The Pirates prepared for months for what everyone hoped was inevitable: a tough battle to the top in the Yakima SunDome against some of the state’s other best teams.

Ranked first among 1A schools all season, the Pirates had a target on their back, said head coach Andy Sears, which “added pressure” to all their performances.

Today, their record stands at 26-1, with their only loss to a Portland, Ore., 5A school that ended up in Oregon’s state tournament bracket.

“The expectations have been real, and to get it done is awesome,” Sears said. “To get it done in the fashion they did it is super impressive.”

Sears and others said the massive win hasn’t quite sunk in. He’s still in disbelief, he said.

“It’s one of those things you always dream about,” he said. “You dream and you hope and you work hard for it, but a little part of you is always wondering if it’ll happen.”

John Gage, a standout player in the game, echoed his coach’s sentiments. He expected to win, he said, “but there’s a huge difference between expecting to win and actually winning it.”

Gage, a junior “big man” who’s already being scouted by half a dozen high-caliber universities, racked up 20 of Vashon’s 49 points on Saturday, earning the 1A tournament’s most valuable player award in the process.

But he’s quick to shine the spotlight on his teammates, each of whom was critical to the Pirates’ success, he said.

“Everyone on our team did their job all the time, and that’s why we were able to pull out with such big victories,” Gage said.
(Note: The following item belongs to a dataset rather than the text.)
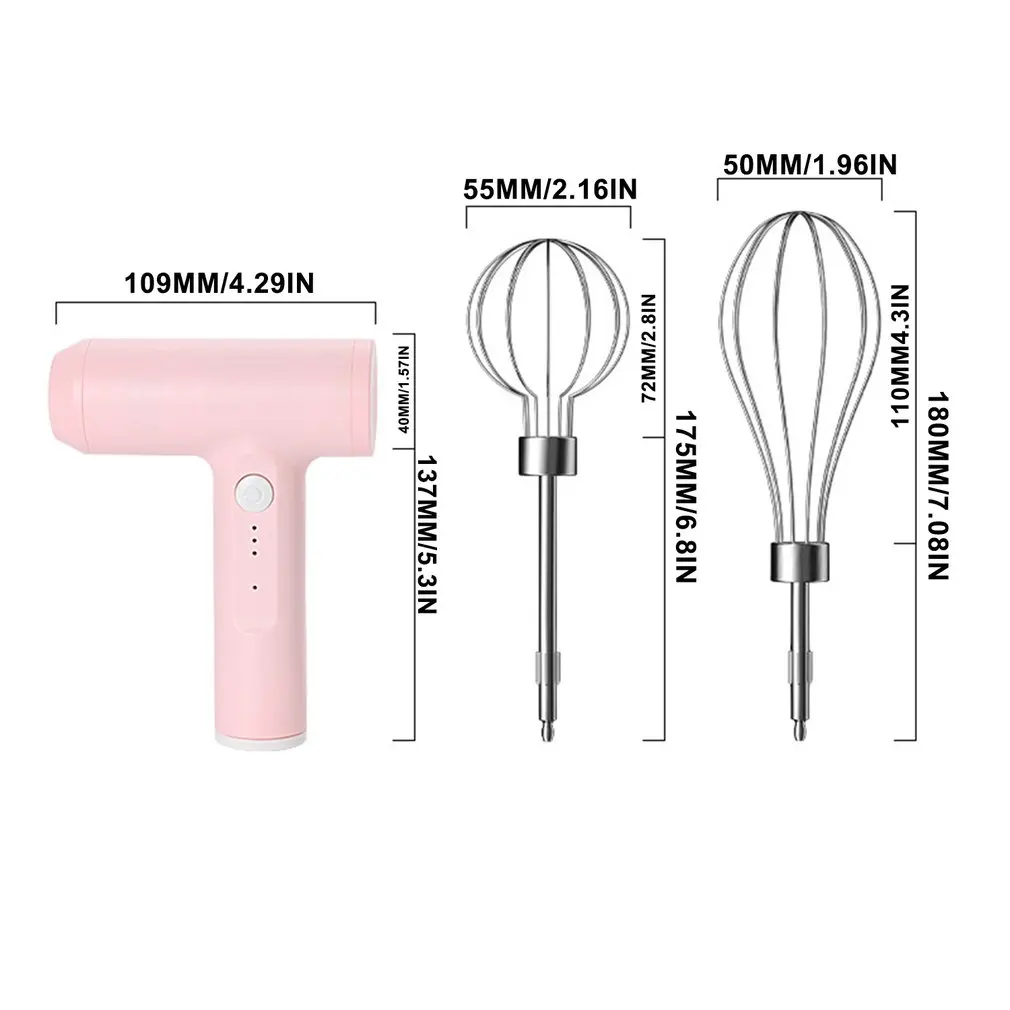 

Hand-held High-power Electric Whisk USB Rechargeable Turbo Portable For Baking Sauce Cream Durable Whisk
Before playing their 9 p.m. game on Saturday, the team went out to see “Watchmen” at a Yakima theater — “just to distract ourselves a little bit,” said co-captain Max Burnham.
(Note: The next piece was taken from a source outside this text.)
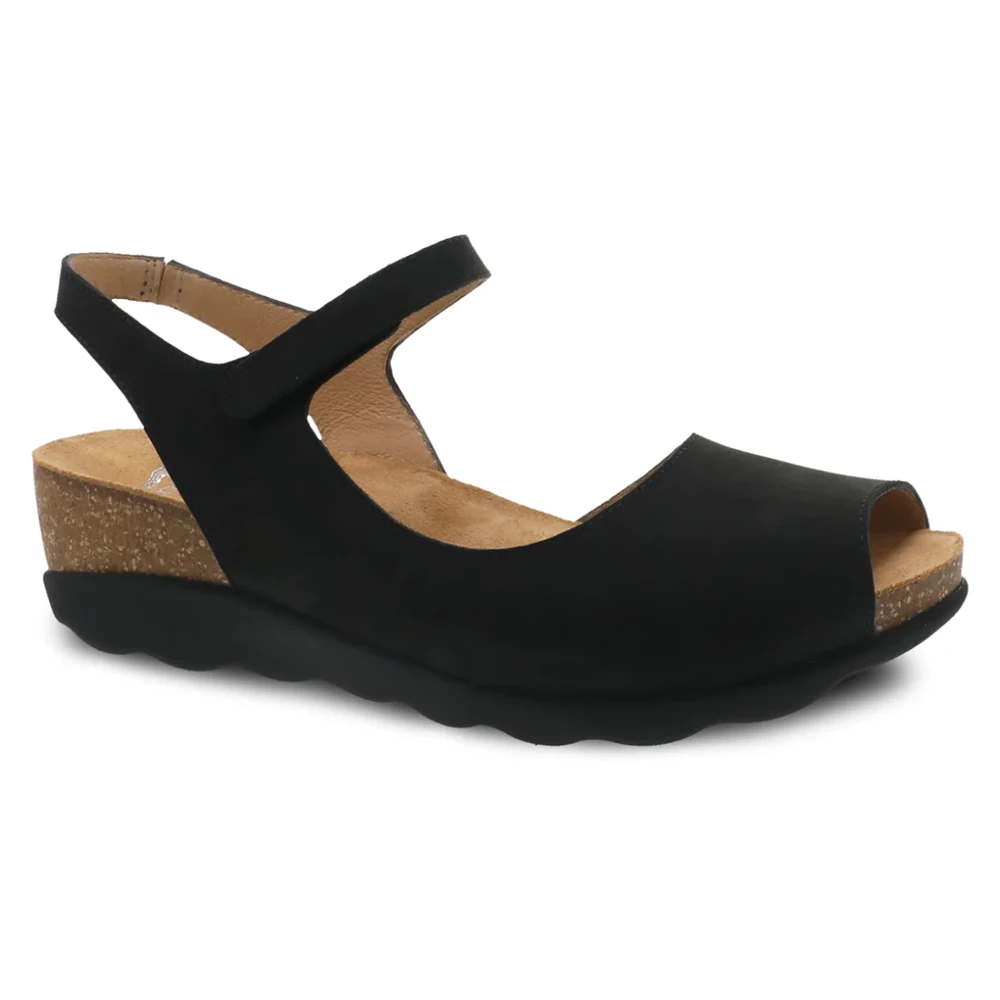 Dansko Marcy Wedge Sandal Black Nubuck (Women's) 3 Dansko Marcy Wedge Sandal Black Nubuck (Women's)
Their preparatory techniques obviously worked, as the team slammed to one of the most dominant final victories in state history, beating King’s by the largest margin ever seen in a final match, the Yakima Herald-Republic reported.

King’s also succeeded in scoring the fewest points in a state final game, the local paper noted.

The Pirates’ knockout performance was exciting, said senior Pirate cheerleader Kimberly Ostlie.

“I was bawling my eyes out when they won,” she said. “The energy of the crowd all game was amazing. Everybody was really excited and really proud because this is what the boys have been working for all year.”

The Pirates’ large cheering section — a Green Tide so large neither Ostlie nor Sears could estimate the size — was made bigger and wilder Saturday night when fans from other schools that had been knocked out earlier in the tournament joined the crowd, Ostlie said.

The cheerleaders for Seattle Christian — a powerhouse school in the Nisqually League — merged with the Pirates, painting their faces green and donning a bit of Pirate pride for the final game, she added.

“It feels great to share this with my teammates and community and fans,” said co-captain Thomas Timm-Skove. “We never doubted ourselves.”

What makes this win particularly sweet is that six of this year’s 11 varsity players, including Gage, will return to the court next year.

Though it’s a bit early to do so, looking ahead to next season is an exciting proposition of its own.

“Our seniors are good, and it’ll be some big holes to fill,” Sears said. “I would expect our younger guys to step up to the challenge. Next year, there’s a lot of talent there, but we’ve got to work hard and know it’s not easy to get these things done.”

Sears, an alumni of the Pirates basketball team, has been head coach for eight years — the last five of which saw his team seize the Nisqually League crown.

In 2006, the team took third at state, and last year played in the tournament but didn’t place.

They earned their victory and deserve every bit of recognition they get, he said.

“The commitment of these guys is unbelievable,” Sears said. “I can’t say that enough. They did everything we asked and more. ... I’m super proud of these guys.”